I need to write a routine that tests
the irreducibility of a polynomial over Fp,
(where Fp is the finite field with p
elements and p is a prime).

It should take as input: p,the polynomial
and its degree.

It should return TRUE if the polynomial is
irreducible over Fp and FALSE if it's not.

I can use the theorem below:

The polynomial x^(p^n)-x is the product of
all monic irreduble polynomials over Fp,
of degree that divides n.

So, any ideas?
Thanks in advance for your time!

 

[geor]

Anything?..
Anybody?...

 

[HallsofIvy]

How large is p expected to be? With a computer, the brute force method of trying each integer, n, less than p to see if it makes the polynomial equal to 0 shouldn't be too bad.

 

[geor]

Well, it's more for the sake of the problem..
Mathematical languages like Maple, already have
routines for that.

 

[matt grime]

Well, use the theorem you were given - write a program to calculate gcds. If for example, you had to test a degree 5 poly, and you worked out the gcd with (x^p)^n - x, then what are the possible degrees of answers?

Remember, you don't need to find the factors, but just find the degrees of the irreducible factors.

Now, take the example above. Suppose n=>5. If f has degree 5, and gcd(x^p^n - x,f) =f, then what does this tell you about the degrees of the factors of f? Well, they must divide n, and sum to 5. What choice of n would be good to give you information?

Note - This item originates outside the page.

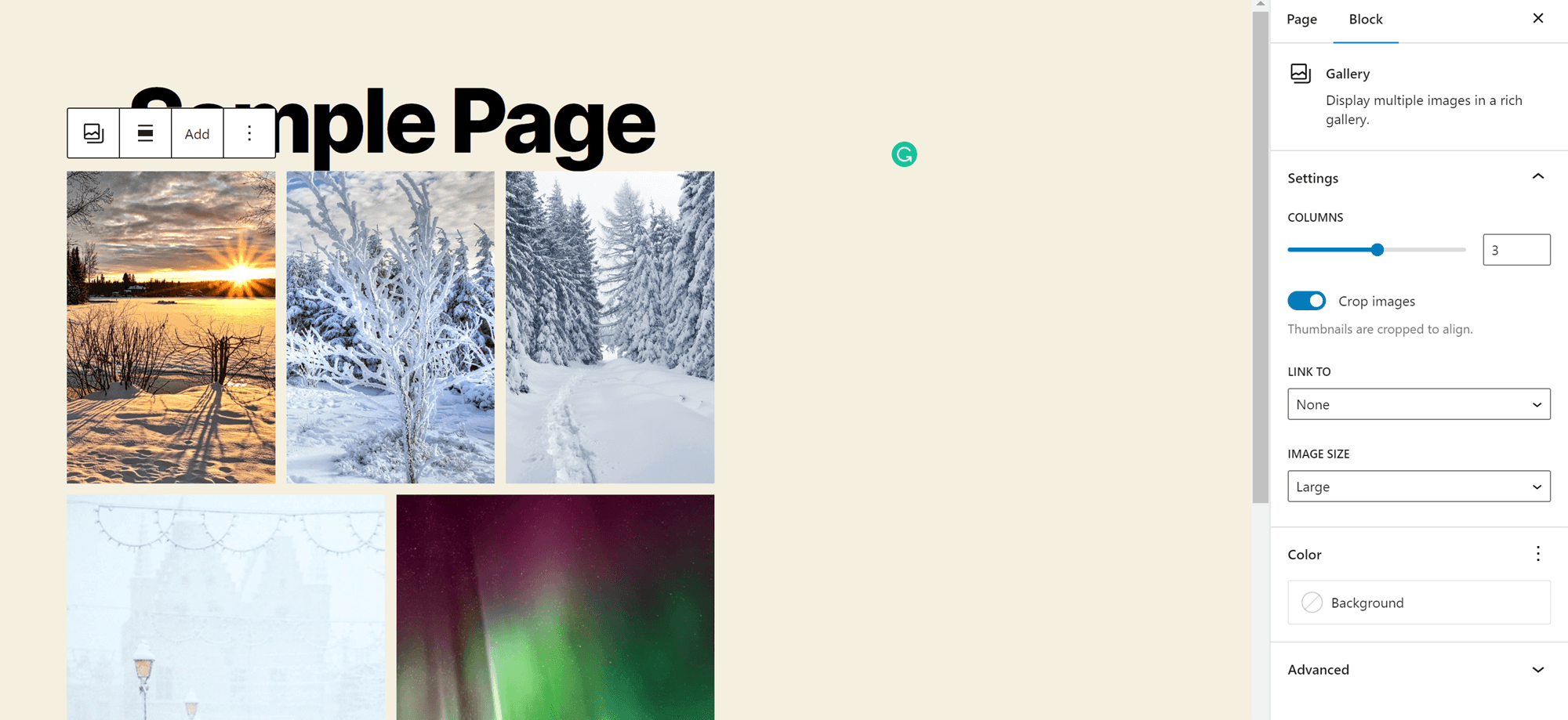 How to create a gallery in WordPress: gallery block with images in place and settings visible in the sidebar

I'm trying to find a way to prod you in the right direction, but it's hard because it seems obvious to me what you need to do, and I can't find the hint that doesn't just give it away straight away. Surely it should be clear from the fact that you've been given that theorem, that you should test a poly by taking lots of gcds. So just think about how knowing gcds gives you info about the degrees of the factors of f.